> [YOUR ASSIGNMENT]: All of the lines below need to be copied exactly, apart from the pictures.

Start of GIVEN MATERIAL

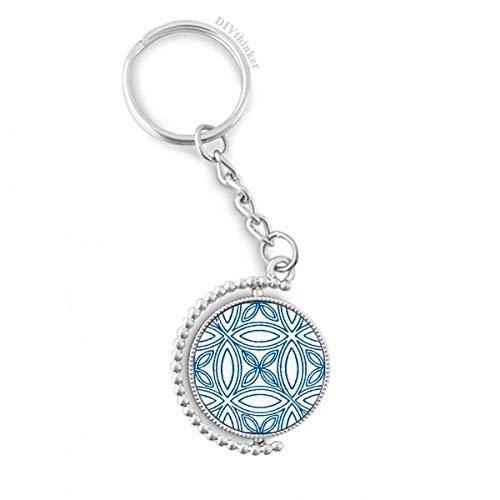 Llavero giratorio decorativo con anillo Pilgrim e ilustración azul Talavera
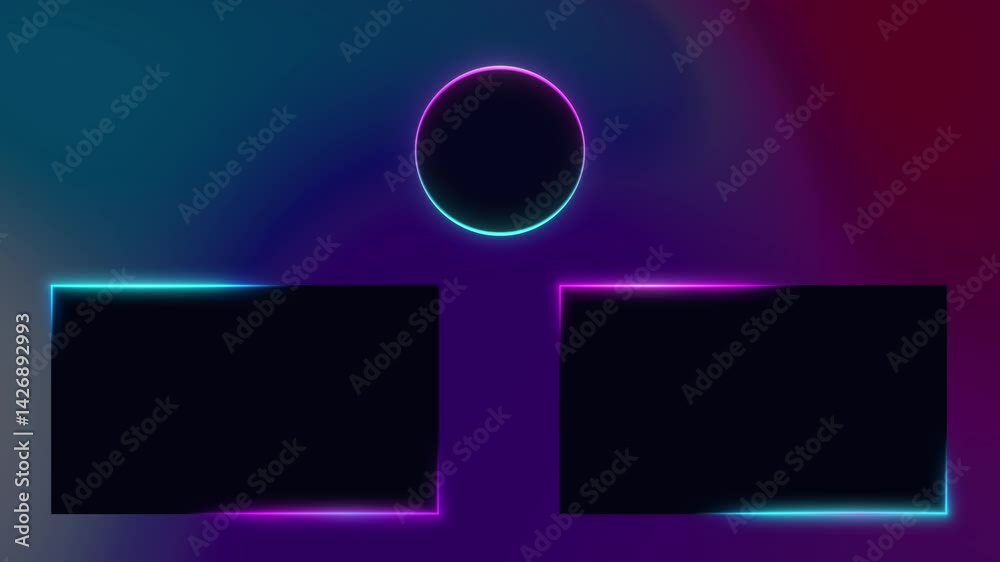 end screen animation of YouTube channel with three templates for video on a black background. Alpha channel, neon light border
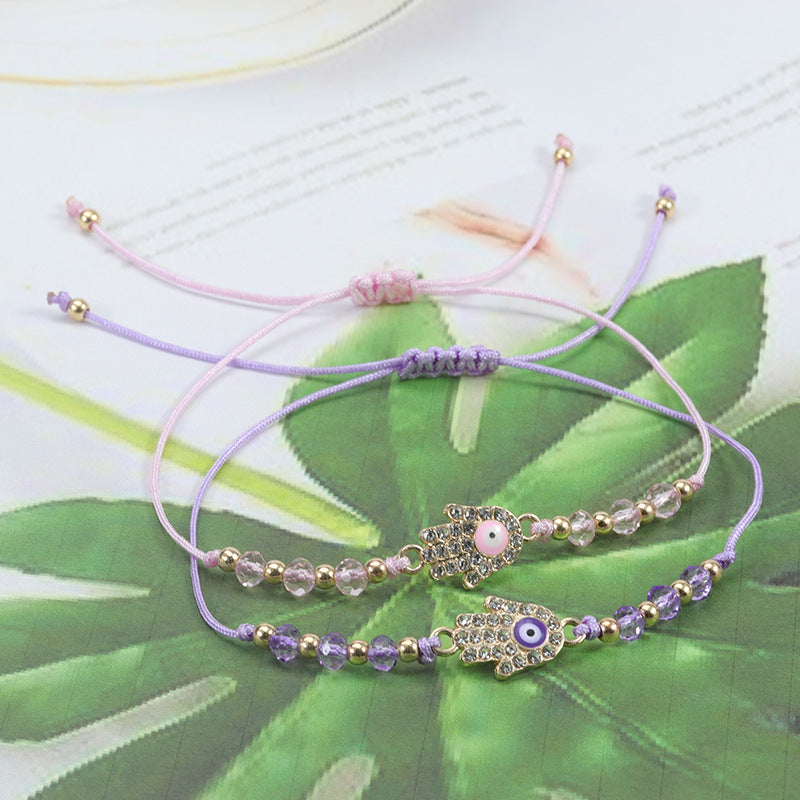 Crystal String Beads Angel Eyes Charm Bracelet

End of GIVEN MATERIAL

> [EXPECTED ANSWER]:
 Llavero giratorio decorativo con anillo Pilgrim e ilustración azul Talavera
 end screen animation of YouTube channel with three templates for video on a black background. Alpha channel, neon light border
 Crystal String Beads Angel Eyes Charm Bracelet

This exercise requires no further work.